Wacek Kusnierczyk Waclaw.Marcin.Kusnierczyk at idi.ntnu.no
Thu May 14 08:26:03 CEST 2009


Barry Rowlingson wrote:
> On Wed, May 13, 2009 at 9:56 PM, Wacek Kusnierczyk
> <Waclaw.Marcin.Kusnierczyk at idi.ntnu.no> wrote:
>   
>> Barry Rowlingson wrote:
>>     
>
>   
>>    n = 1000
>>    benchmark(columns=c('test', 'elapsed'), order=NULL,
>>       'for'={ l = list(); for (i in 1:n) l[[i]] = rnorm(i, 0, 1) },
>>       lapply=lapply(1:n, rnorm, 0, 1) )
>>    #     test elapsed
>>    # 1    for   9.855
>>    # 2 lapply   8.923
>>
>>
>>     
>>> Yes, you can probably vectorize this with lapply or something, but I
>>> prefer clarity over concision when dealing with beginners...
>>>       
>> but where's the preferred clarity in the for loop solution?
>>     
>
>  Seriously? You think:
>
>  lapply(1:n, rnorm, 0, 1)
>
> is 'clearer' than:
>
> x=list()
> for(i in 1:n){
>   x[[i]]=rnorm(i,0,1)
> }
>
> for beginners?
>   

seriously, i do;  but it does depend on who those beginners are.  if
they come directly from c and the like, you're probably right.


>  Firstly, using 'lapply' introduces a function (lapply) that doesn't
> have an intuitive name. Also, it takes a function as an argument. The
> concept of having a function as a parameter to another function is
> something that a lot of programming beginners have trouble with -
> unless they were brought up on LISP of course, and few of us are.
>   

well, that's one of the first things you learn on a programming
languages course that is not procedural programming-{centered,biased}. 
no need for prior lisp experience.  if messing with closures in not
involved (as here), no need for advanced discussion is needed.

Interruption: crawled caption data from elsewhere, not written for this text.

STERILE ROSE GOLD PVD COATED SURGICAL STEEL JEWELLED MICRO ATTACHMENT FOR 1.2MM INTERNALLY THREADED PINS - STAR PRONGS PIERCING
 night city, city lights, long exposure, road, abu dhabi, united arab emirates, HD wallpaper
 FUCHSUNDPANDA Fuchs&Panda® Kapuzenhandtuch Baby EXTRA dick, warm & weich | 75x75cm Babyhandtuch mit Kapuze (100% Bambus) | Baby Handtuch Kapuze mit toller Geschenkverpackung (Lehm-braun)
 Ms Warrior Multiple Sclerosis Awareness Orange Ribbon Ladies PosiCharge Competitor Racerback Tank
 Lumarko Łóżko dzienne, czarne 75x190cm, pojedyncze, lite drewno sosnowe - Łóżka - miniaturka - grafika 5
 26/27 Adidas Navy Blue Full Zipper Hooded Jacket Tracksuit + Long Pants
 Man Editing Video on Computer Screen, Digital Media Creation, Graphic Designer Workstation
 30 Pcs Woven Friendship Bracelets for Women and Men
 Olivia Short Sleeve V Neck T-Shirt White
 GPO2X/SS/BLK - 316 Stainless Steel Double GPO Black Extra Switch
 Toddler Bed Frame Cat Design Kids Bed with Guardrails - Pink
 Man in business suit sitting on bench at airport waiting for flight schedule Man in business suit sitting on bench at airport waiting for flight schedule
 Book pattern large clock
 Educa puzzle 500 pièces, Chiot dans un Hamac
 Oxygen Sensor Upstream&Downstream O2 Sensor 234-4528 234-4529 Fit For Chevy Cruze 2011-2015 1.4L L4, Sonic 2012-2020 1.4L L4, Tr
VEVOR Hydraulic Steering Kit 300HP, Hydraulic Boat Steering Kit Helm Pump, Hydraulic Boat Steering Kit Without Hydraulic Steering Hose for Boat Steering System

also, the for looping may not be as trivial stuff to explain as you
might think.  note, you're talking about r, not c, and the treatment of
iterator variables in for loops in scripting languages differs:

    perl -e '
       $i = 0;
       for $i (1..5) { # iterate with $i
           };
       print "$i\n" '
    # 0

    ruby -e '
       i = 0
       for i in 1..5 # iterate with i
           end
       printf "%d\n", i '
    # 5
      
and you've gotten into explaining lexical scoping etc.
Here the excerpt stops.